I joined Steiner’s laboratory in 1961 as an M.D./Ph.D. student and left in July 1966 to work in the U.S. Air Force Medical Corps; unfortunately, I did not participate in the proinsulin saga. I wrote my dissertation and returned to the university in 1968 to defend my work and receive the Ph.D. Steiner was an exacting mentor who thought that any dissertation should undergo the review and scrutiny of a paper (or papers) submitted to the Journal of Biological Chemistry. After extensive discussions and rewrites to obtain his endorsement, gaining the approval of the dissertation committee (Herbert S. Anker, Eugene Goldwasser and Wolfgang Epstein) was a cakewalk.

At first, Steiner’s career developed slowly. After six years as an assistant professor, he was promoted to associate professor in 1965. Just a year later, he was promoted to professor after the discovery of proinsulin (even though the dust had not yet settled concerning the validity of this biosynthetic process). A promotion after such a short time was and is very unusual. Evans most likely did not want to lose Steiner to Harvard University as he had lost Konrad Bloch and Eugene P. Kennedy. Steiner received many offers for positions elsewhere, but he valued his colleagues and chose to remain at Chicago for his entire professional career.
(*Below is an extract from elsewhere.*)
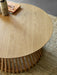Estelle Round Slatted Coffee Table - Luminex FurnitureCoffee TableOLL001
Evans emphasized research for both graduate students and faculty members, and he held course work for both to a minimum, an educational and scientific strategy with which Steiner agreed. This tradition has held since its earliest days, when Maude L. Menten received her biochemistry doctorate in the department.
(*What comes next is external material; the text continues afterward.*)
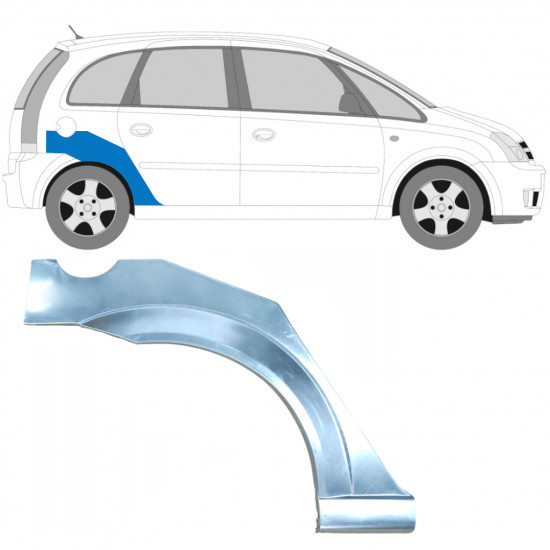 Galinė arka už Opel Meriva 2003-2010 / Dešinė 5829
Steiner was soft-spoken, and his outlines for lectures or seminars contained the directions “speak louder” interspersed throughout. He was a person of even disposition who never raised his voice under circumstances that would readily elicit expletives from others. He was an efficient and prolific worker who also had time for activities in the arts, especially music.
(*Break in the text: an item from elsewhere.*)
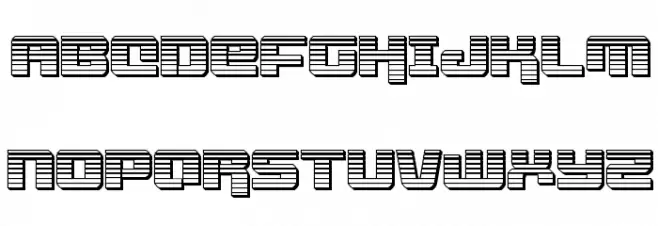 Livewired Chrome Schriftart Groß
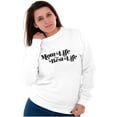 thumbnail image 3 of Mom Life is the Best Mothers Day Women Crewneck Sweatshirt Brisco Brands X, 3 of 6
In 1964, a National Institutes of Health site visit team reviewed the application of Lloyd M. Kozloff, whose laboratory was two doors away. In the afternoon, Kozloff gave the visitors a tour of the department. They entered the main lab, where I was working with Judith King, a superb technician who was co-author on several Steiner papers. Then they walked into Steiner’s office, where he was kneeling on the floor fabricating a harpsichord. Kozloff won the grant despite this encounter.

Steiner received the University of Chicago’s Alumni Award in June. This is the highest award that the university gives. For anyone interested in a more complete description of the proinsulin story including numerous blind alleys and technical difficulties, see Steiner’s “Reflections” article (“Adventures with insulin in the Islets of Langerhans”) in the JBC.

Robert Roskoski Jr. is the scientific director at the Blue Ridge Institute for Medical Research in North Carolina.